1. She argues the tribunal misread the evidence when it drew contradictions between the applicant's testimony, his PIF and his Schedule I of the POE. That error principally stemmed from misreading the applicant's written answers in Schedule I of the POE which focused on the start date of his becoming a member of the Awami League organizations he belonged to and not on when he acceded to a number of positions within those organizations. She specifically cited the December 1997 date of his joining the Student League as an example.

2. She made the same point with respect to the apparent contradiction on when he first held the position of Assistant General Secretary of the Student League (October 2000 in his POE contrasted with September 2001 in his testimony). His explanation is at Certified Tribunal Record (CTR) page 182 where he testified that in October 2000 he was an ordinary member without holding any position because he was not studying at that time but continued his studies in September 2001 when he began pursuing his Bachelor of Commerce Degree.

3. She characterized the conflict between his testimony as to when he ceased to occupy the position of General Secretary of his unit in the Juba League (August 2004 versus November 2004) as a minor technical point because of the explanation he gave for making the mistake in the POE notes and that, in any event, this point was of no consequence because he was in hiding and planning to leave and when he wrote it he was out of the country.

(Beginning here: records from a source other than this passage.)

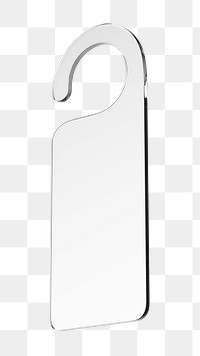 Door tag png sticker, 3D design, transparent background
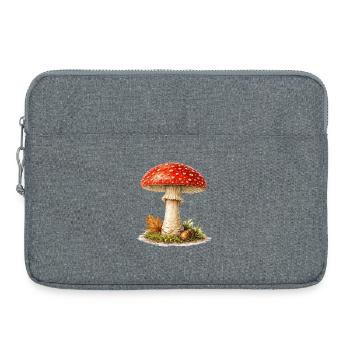 Toadstool Autumn Dream - Laptop bag 15" - heather grey - Front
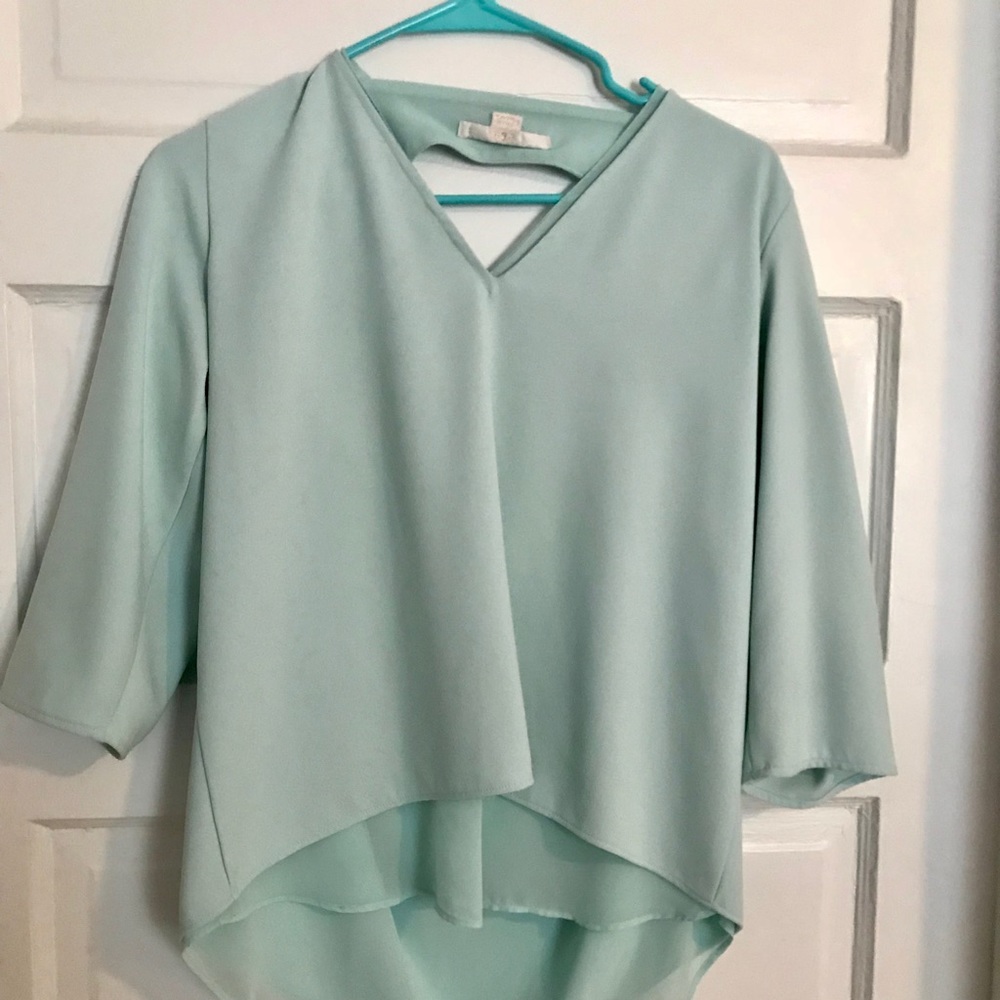 Blush blue blouse!!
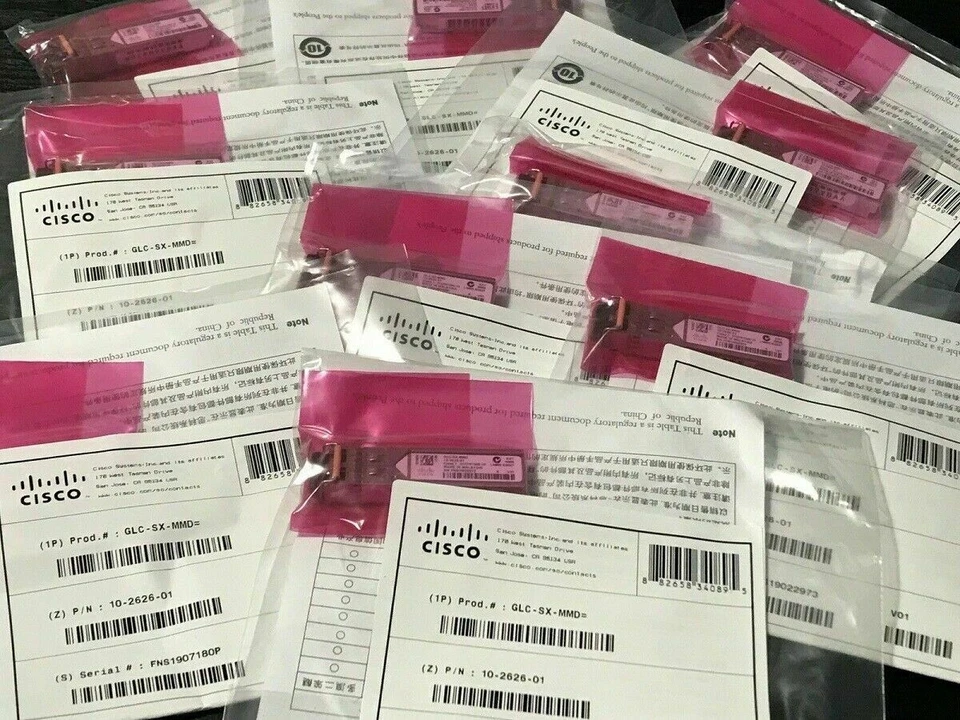 NEU CISCO GLC-SX-MMD 1000BASE-SX MMD SFP MMF 850nm Transceiver Modul 10-2626-01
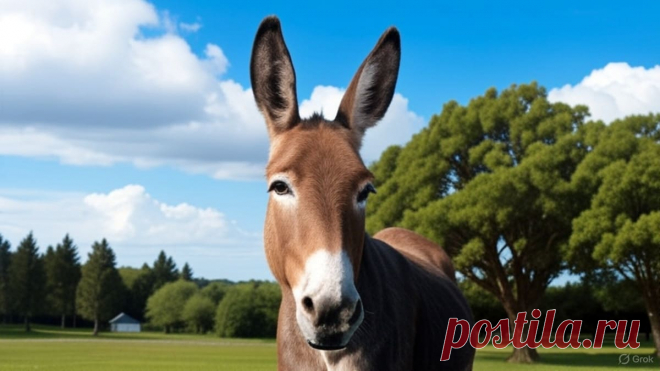 Веселый ослик - OGADANIE.RU
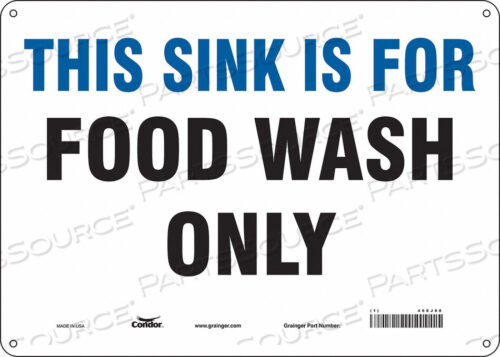 OEM#: 468J88SAFETY SIGN 14 W 10 H 0.055 THICKNESS by Condor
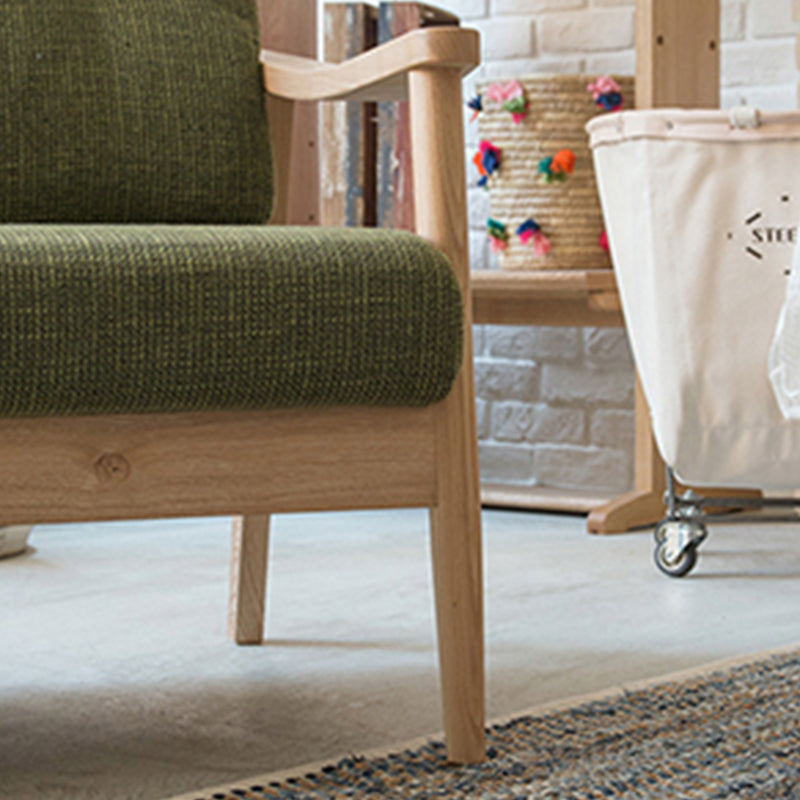 Living Room Contemporary Square Arm Stationary Slipcovered Sofa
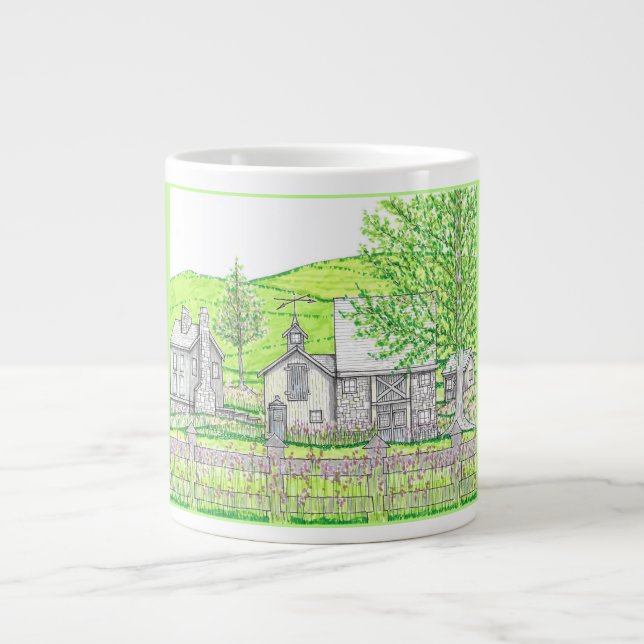 Grande Tasse Musique Jumbo de la ferme Spring (Devant)
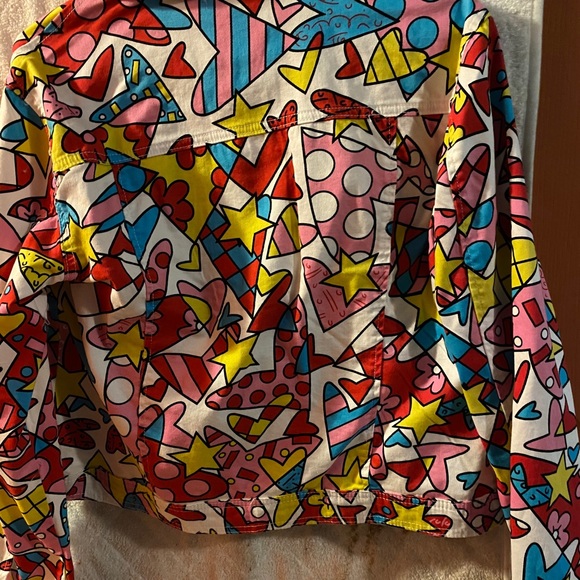 White jean print jacket - Picture 2 of 3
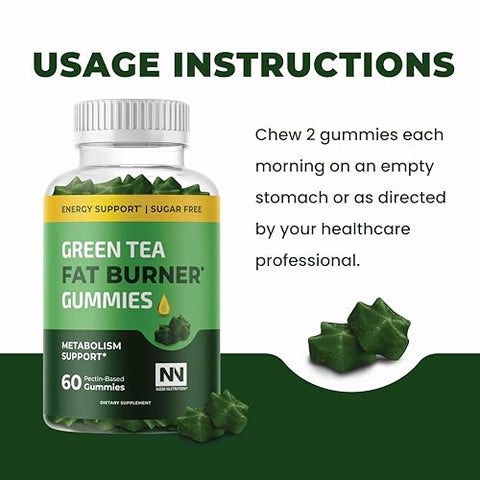 Nobi Nutrition - Pílulas de Emagrecimento de Chá Verde e Café Verde | 45% EGCG | Queimador de Gordura Abdominal | Estimulante de Metabolismo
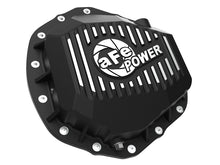 Carica l&#39;immagine nel visualizzatore di Gallery, aFe 2020 Chevrolet Silverado 2500 HD  Rear Differential Cover Black ; Pro Series w/ Machined Fins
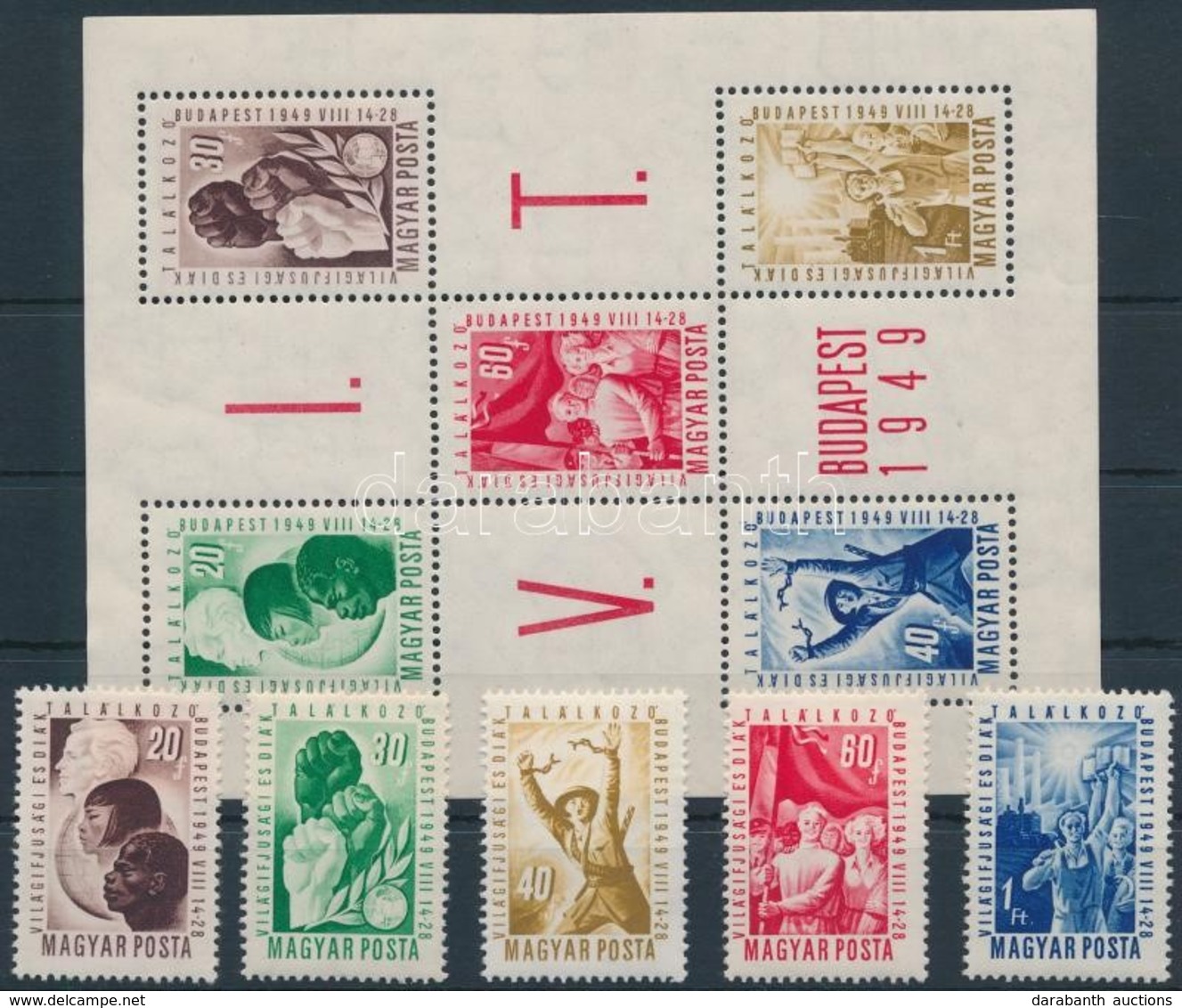 ** 1949 VIT Sor + Blokk (8.500) - Other & Unclassified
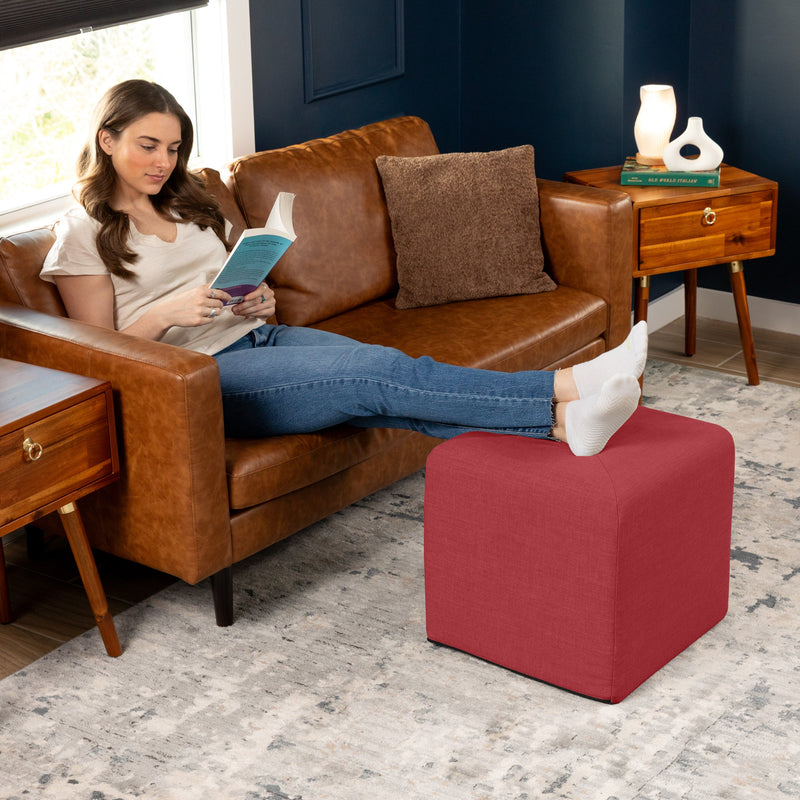 Monroe in Poppy Red FibreGuard Smart Microvelvet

4. She agreed with the fact exhibits P-11 and P-12 from the Awami League did not mention any mass arrests on April 29, 2004 nor did they mention his detention by the police from April 29, 2004 to May 2, 2004. She argued, however, that this one detention was of minor relevance since the essence of the applicant's claim focused on the threats and attacks made against him by BNP goons of the rival political party who were sending the police after the applicant which those letters confirmed. She said the applicant's claim is not about past persecution but his fear of what will happen to him in the future should he be forced to return to Bangladesh. In any event, these exhibits were third party letters and the applicant explained he did not know why his arrest was not mentioned in them.

5. She conceded there was a contradiction in the applicant's testimony when he answered that he had not experienced any problems with the police before August 27, 2004. She argues, however, he had provided an explanation which the tribunal did not properly assess.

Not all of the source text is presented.